▶ _Brief descriptive captions_:
-*-

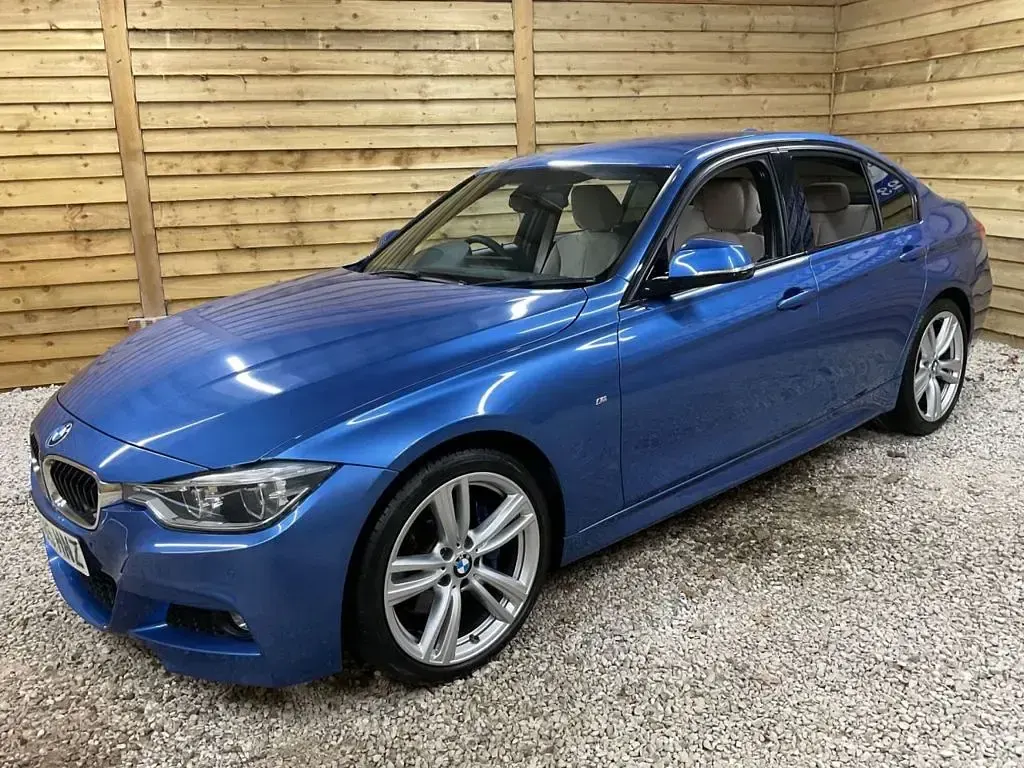 Used BMW 320 M Sport 190 HP (139 kW) 2015 Blue Sedan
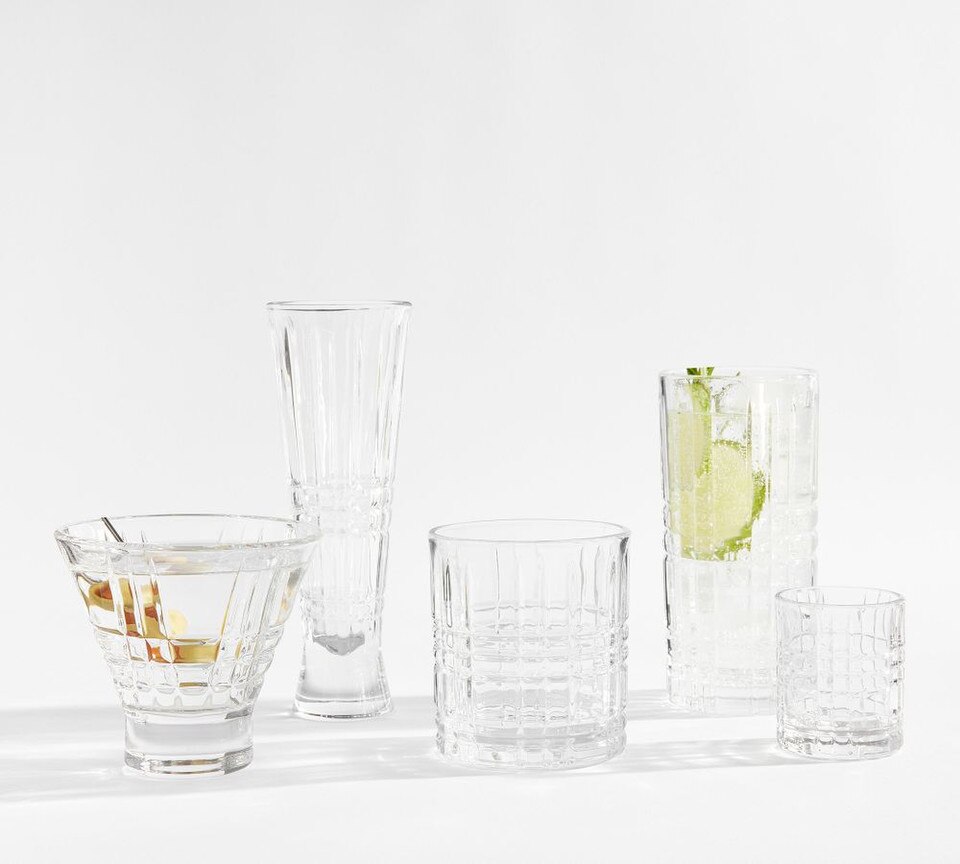 Stewart Plaid Glassware Collection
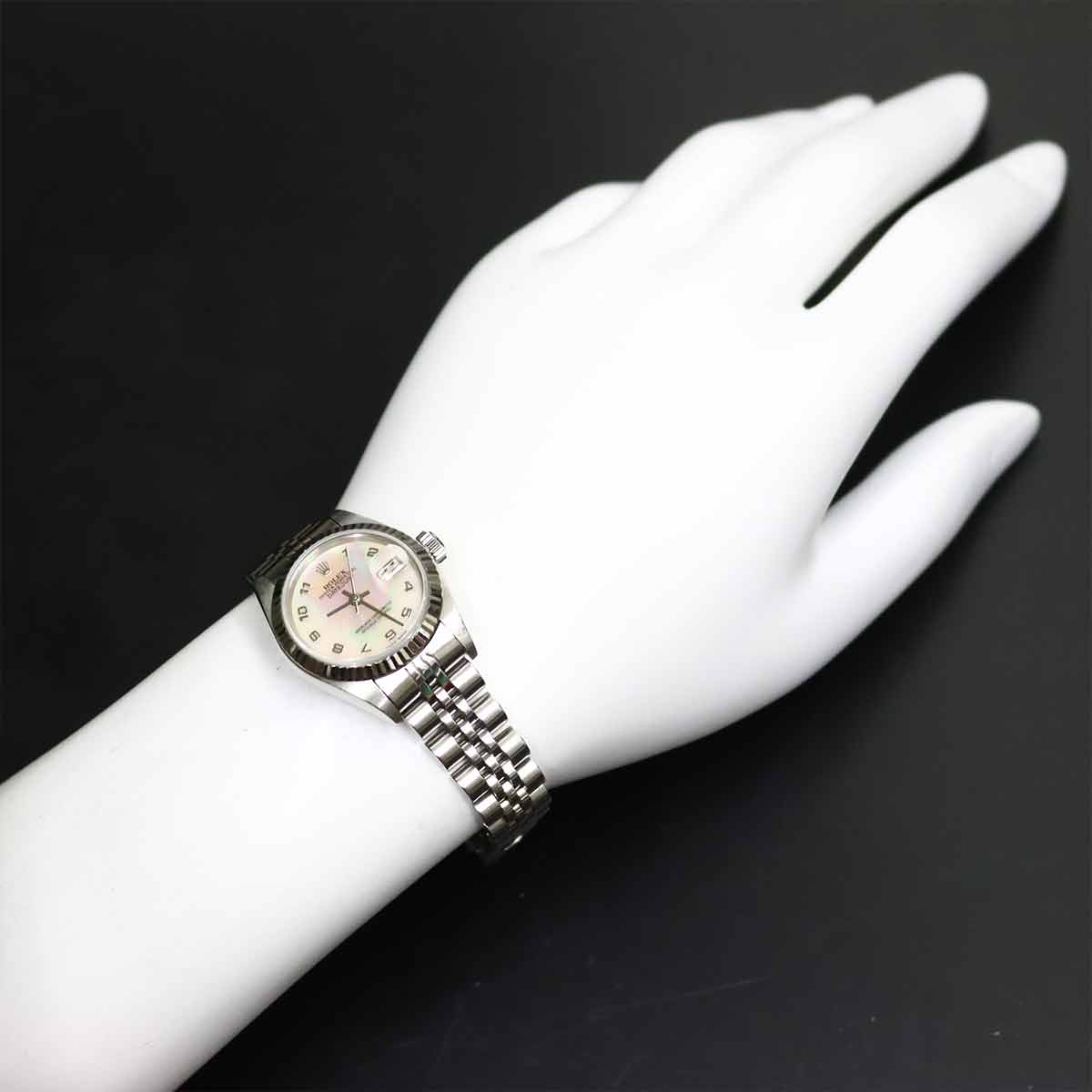 Date Just 79174NR Serial A Pink Shell Dial Automatic 750 WG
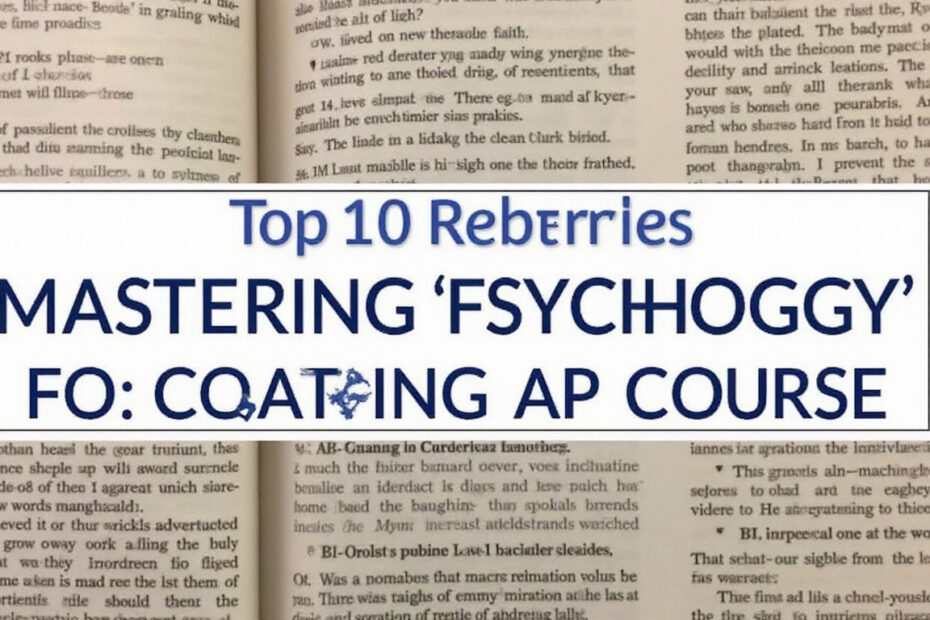 Top 10 Resources for Mastering Myers' Psychology for the AP Course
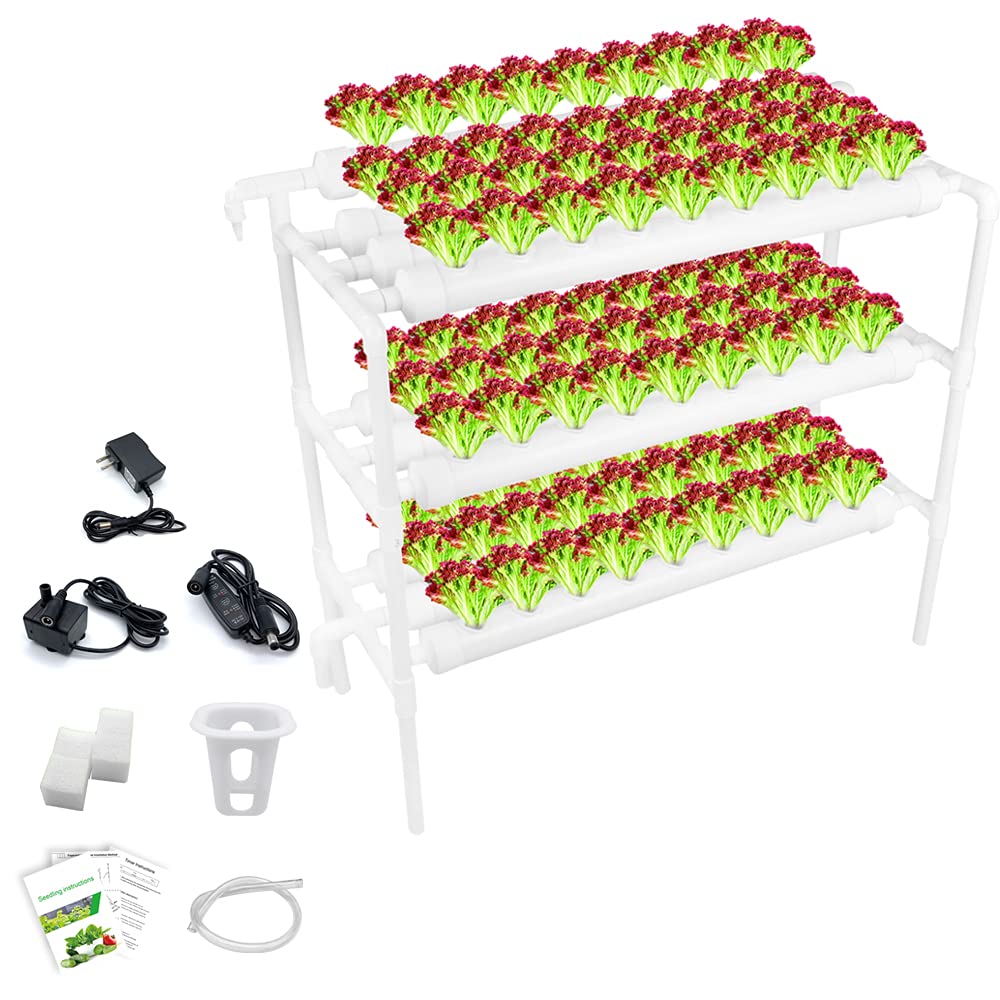 Buy WE NFT System Hydroponic 3 Layers 90 Sites Grow Kit for Growing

-*-

▶ _Work instruction_: Now reproduce all of the entries precisely, with no pictures in the copy.

▶ _Solution to this task_:
 Used BMW 320 M Sport 190 HP (139 kW) 2015 Blue Sedan
 Stewart Plaid Glassware Collection
 Date Just 79174NR Serial A Pink Shell Dial Automatic 750 WG
 Top 10 Resources for Mastering Myers' Psychology for the AP Course
 Buy WE NFT System Hydroponic 3 Layers 90 Sites Grow Kit for Growing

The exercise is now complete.